━━━━━ DATA BELOW
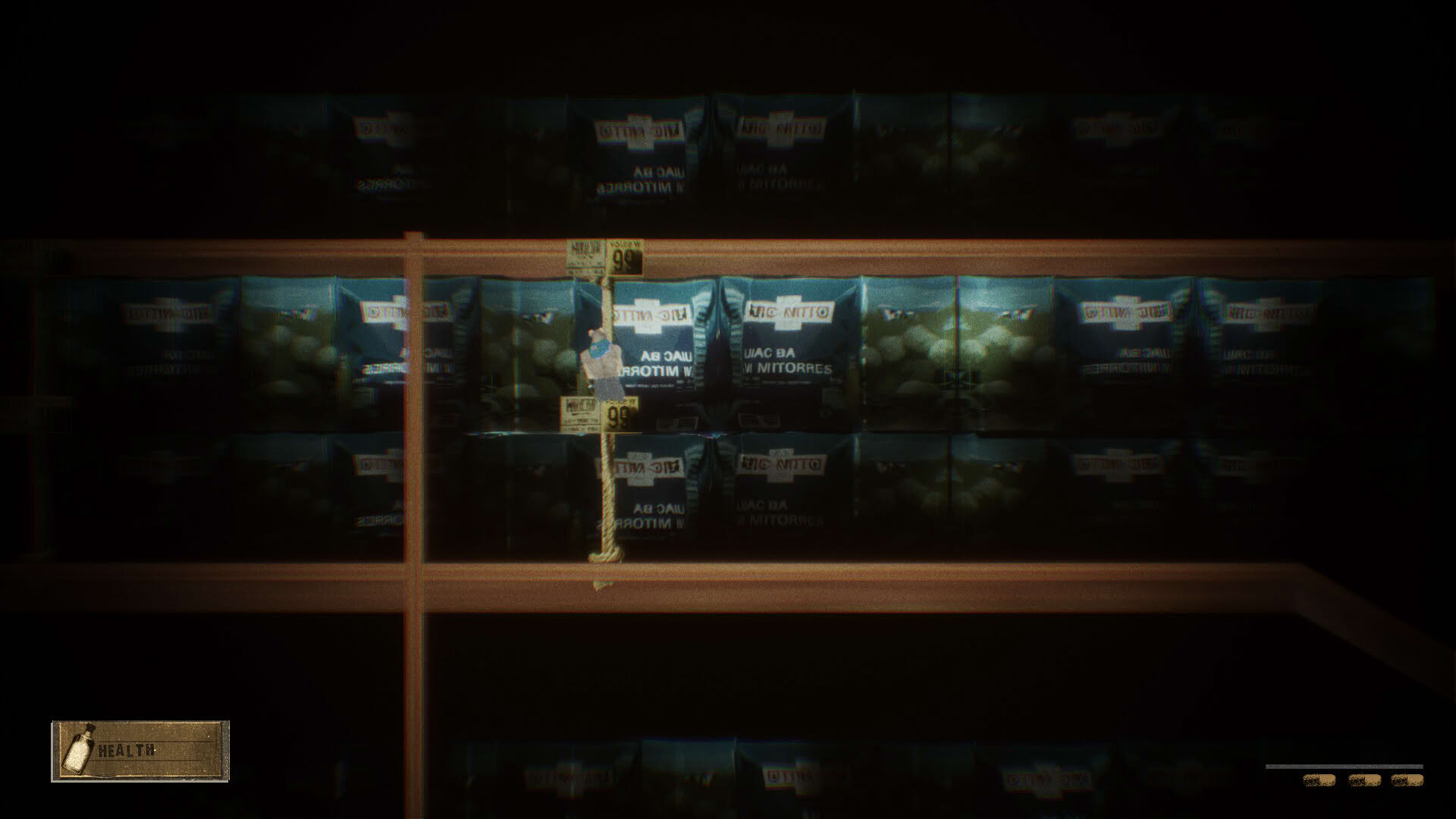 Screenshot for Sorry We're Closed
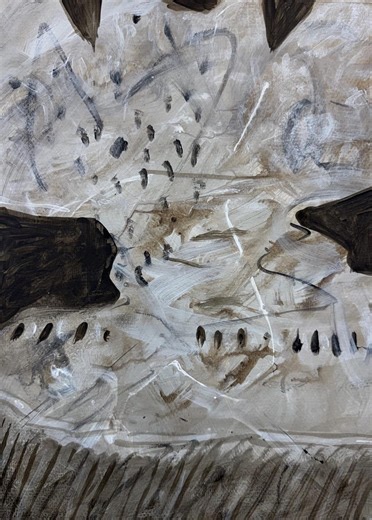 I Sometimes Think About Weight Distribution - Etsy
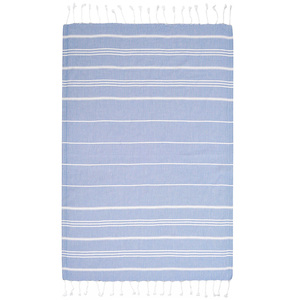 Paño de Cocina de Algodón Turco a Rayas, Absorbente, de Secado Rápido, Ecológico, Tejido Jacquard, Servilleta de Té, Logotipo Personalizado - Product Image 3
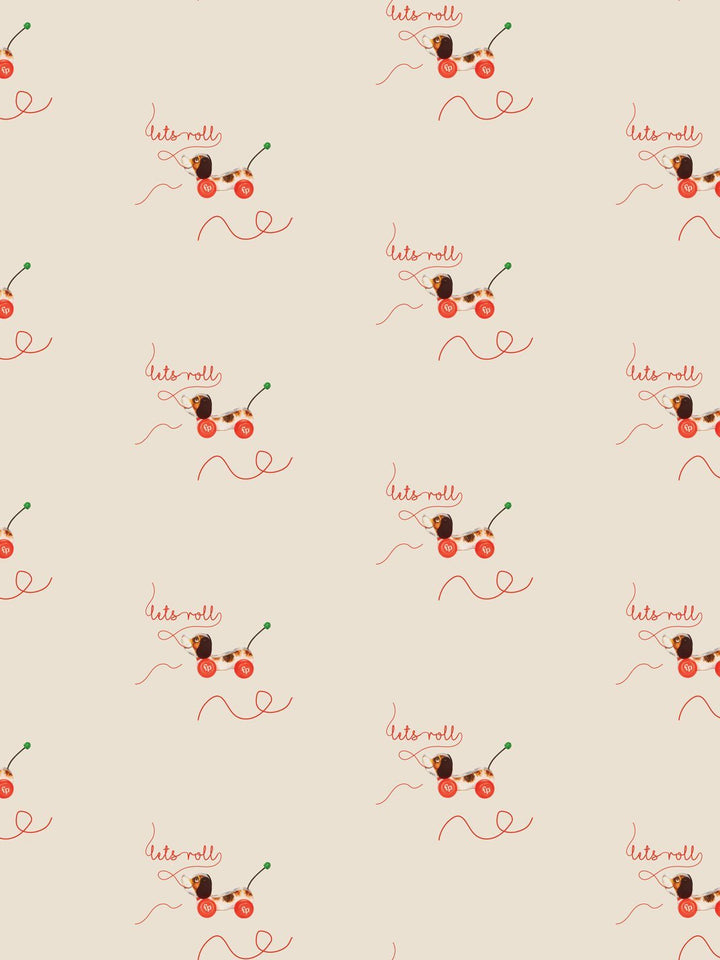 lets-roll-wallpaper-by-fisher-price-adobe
━━━━━━━━━━
- _WORK REQUIRED_
Skipping all pictures, set the listing down exactly as written.

- _YOUR RESPONSE_
 Screenshot for Sorry We're Closed
 I Sometimes Think About Weight Distribution - Etsy
 Paño de Cocina de Algodón Turco a Rayas, Absorbente, de Secado Rápido, Ecológico, Tejido Jacquard, Servilleta de Té, Logotipo Personalizado - Product Image 3
 lets-roll-wallpaper-by-fisher-price-adobe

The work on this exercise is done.